Opening Edge Computing’s Black Box
In the early days of the Living Edge Lab, Wi-Fi was our go-to access network for edge computing research. When it was good, it was very good but when it was bad, it was very bad. Under ideal conditions, Wi-Fi has good throughput and round-trip latency under 5ms. But, when congestion and interference occur, any predictability goes out the window. There’s no way to control all those wild Wi-Fi hotspots around campus. Also, Wi-Fi isn’t particularly good at mobility or coverage in large scale outdoor areas. We began to use commercial 4G LTE mobile networks in addition to Wi-Fi for our research work. That got us mobility and widespread outdoor coverage but round-trip latencies in the 50 to 200ms range. Commercial mobile networks are also subject to congestion, often have geographically diverse interconnect points that add latency, and are opaque to a researcher trying to understand what’s going on inside. Our need for low latency, predictability, mobility, and transparency led us to build the private CBRS 4G LTE mobile network that I talked about in my blog, “The Quest for Lower Latency”.
The network is giving us a predictable 30 to 35ms round-trip latency and good coverage in the outdoor areas around campus. But we’re never satisfied – we want a mobile network with round-trip latencies less than 20ms. The lower we can get, the more edge-native applications become feasible; for example, augmented reality apps need very low motion-to-photon latencies to give adequate user experience. In our first step toward continual improvement in round-trip latency, we launched a project to measure latency for each of the large network segments in the Living Edge Lab. We wanted to “pareto” the segments to understand where to focus our latency optimization efforts.
The Network Latency Segmentation Project, led by students Sophie Smith and Ishan Darwhekar, implemented network measurement probes at various points in the network – at the user equipment (UE), between the Radio Access Network (RAN) and the Evolved Packet Core (EPC) and the between the EPC and the Cloudlet. See Figure 1.
They developed a network synchronization method to enable correlation of packets generated by network traffic and a database and dashboard to monitor the latency at each segment in real time. They then ran a series of experiments using this framework. The project and results are presented in a new CMU Technical Report, “Segmenting Latency in a Private 4G LTE Network”.
The most significant learning was that the UE-RAN uplink median latency was around 25ms while the RAN-UE downlink was around 8ms – almost the entire 35ms round-trip! The EPC and cloudlet (not including any application-specific processing) contribute less than 2ms. The other observation is that the latency variance (or jitter) in the uplink latency is substantial and accounts for most of the round-trip jitter. See Figure 2 for uplink and downlink latencies for each of the segments.
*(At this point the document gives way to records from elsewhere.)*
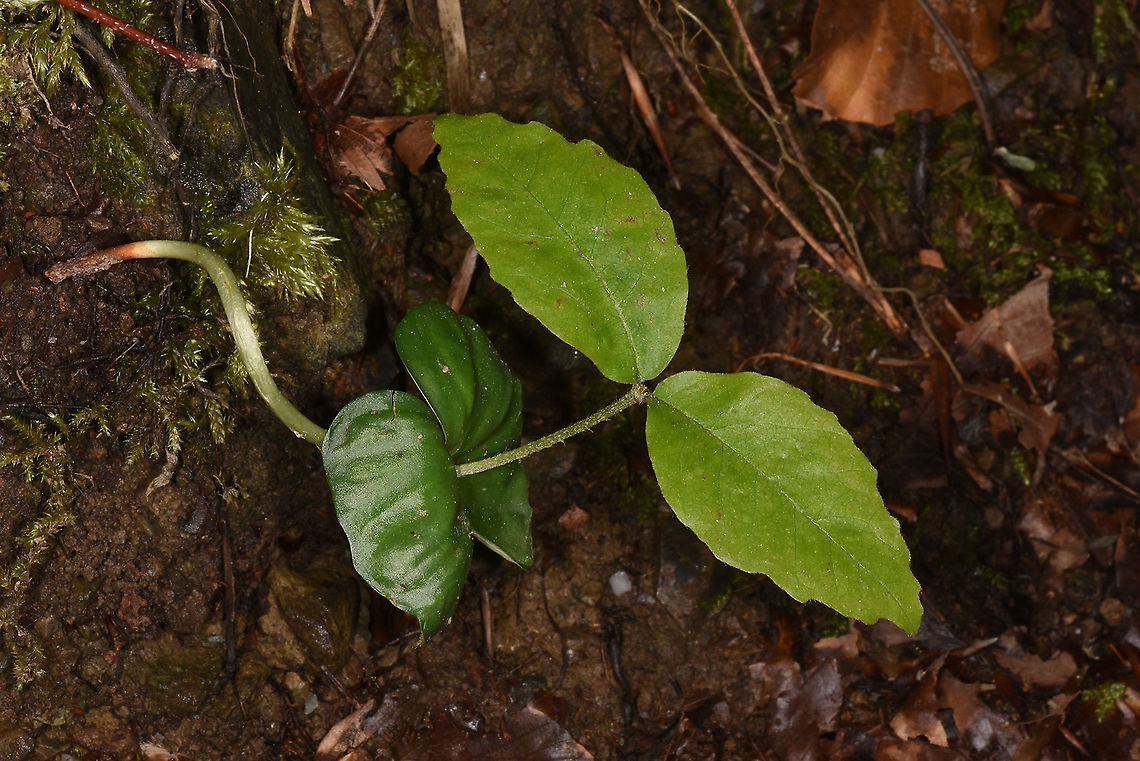 Fagus orientalis NW Turkey, Yedigoller Fagus orientalis,Geotagged,Spring,Turkey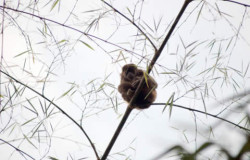 Mantelbrüllaffen im Bambuswald
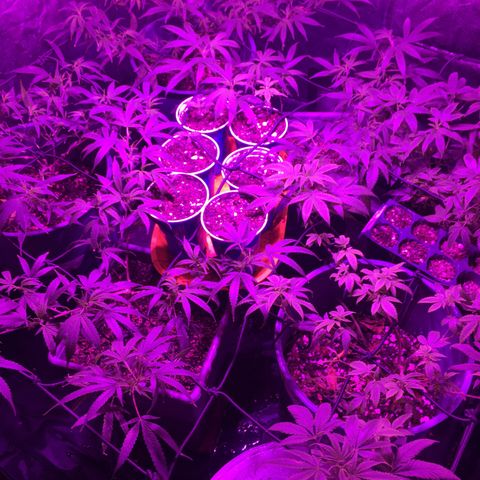 AK47 x4 Shebergan x2  growlog timeline photo
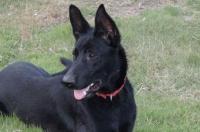 中型杜宾犬种类？ 中型犬狗品种大全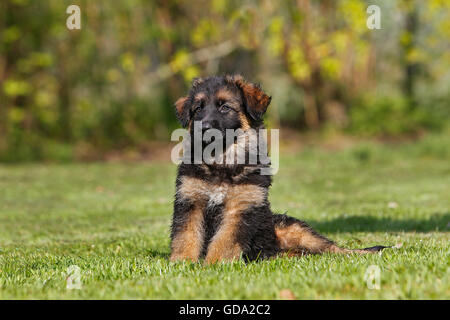 Berger Allemand chiots sitting on Grass Banque D'Images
Figure 2 – Network Segmentation Results
This result points us to the 4G LTE uplink channel scheduling algorithms as the probable cause of the uplink issues. We’re beginning to look at ways we might optimize the UE-RAN uplink while we wait for 5G-readiness. We believe that 5G will make significant improvement, but we’d still like to see how well we can do on 4G.
The approaches we used in this project didn’t require any proprietary or encrypted access inside the RAN or Core. We tapped in at open points in the 4G LTE architecture. That means that other private network operators could apply the same techniques to get data for their networks. Look at the technical report, project presentation video, poster and opensource code for more details.